Exercise aim =
Once the pictures are removed, restate the data below word for word.

The data =
Start of Block

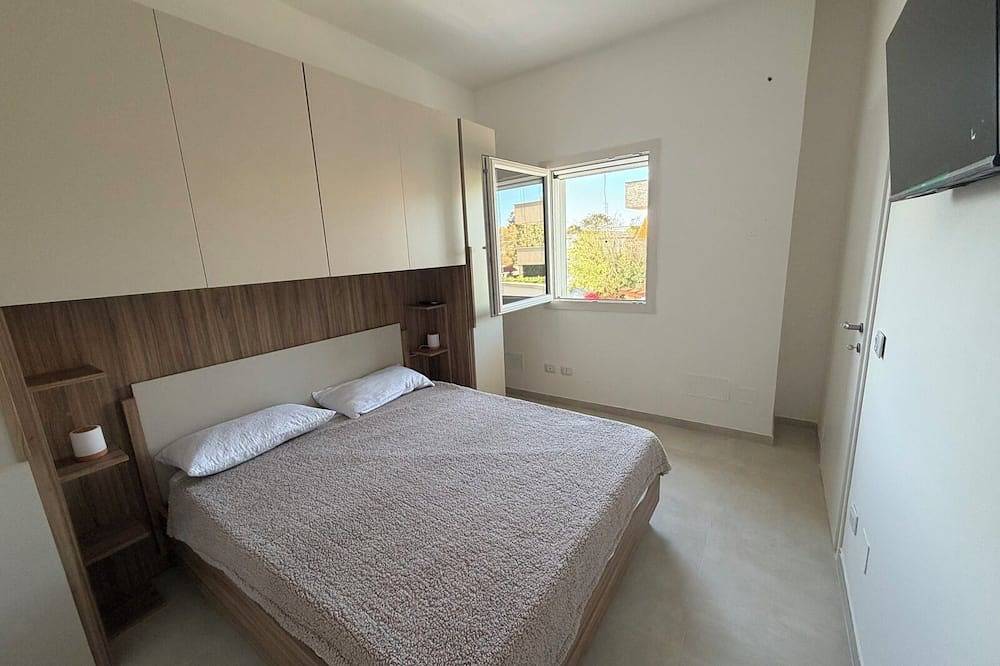 Appartement entier, Newly built vacation home sleeps 4 a few steps from the sea in Marina di Pulsano, Pulsano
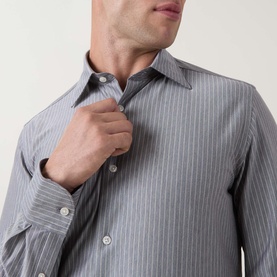 Model wearing Boggi Milano light blue pinstripe casual shirt in cotton-polyester blend, buttoning collar, close-up detail view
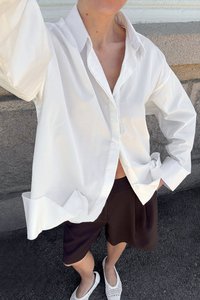 White cotton button-up shirt with a loose fit, folded sleeves, and curved hem. Paired with brown shorts and white woven slip-on shoes.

End of Block

Answer space =
 Appartement entier, Newly built vacation home sleeps 4 a few steps from the sea in Marina di Pulsano, Pulsano
 Model wearing Boggi Milano light blue pinstripe casual shirt in cotton-polyester blend, buttoning collar, close-up detail view
 White cotton button-up shirt with a loose fit, folded sleeves, and curved hem. Paired with brown shorts and white woven slip-on shoes.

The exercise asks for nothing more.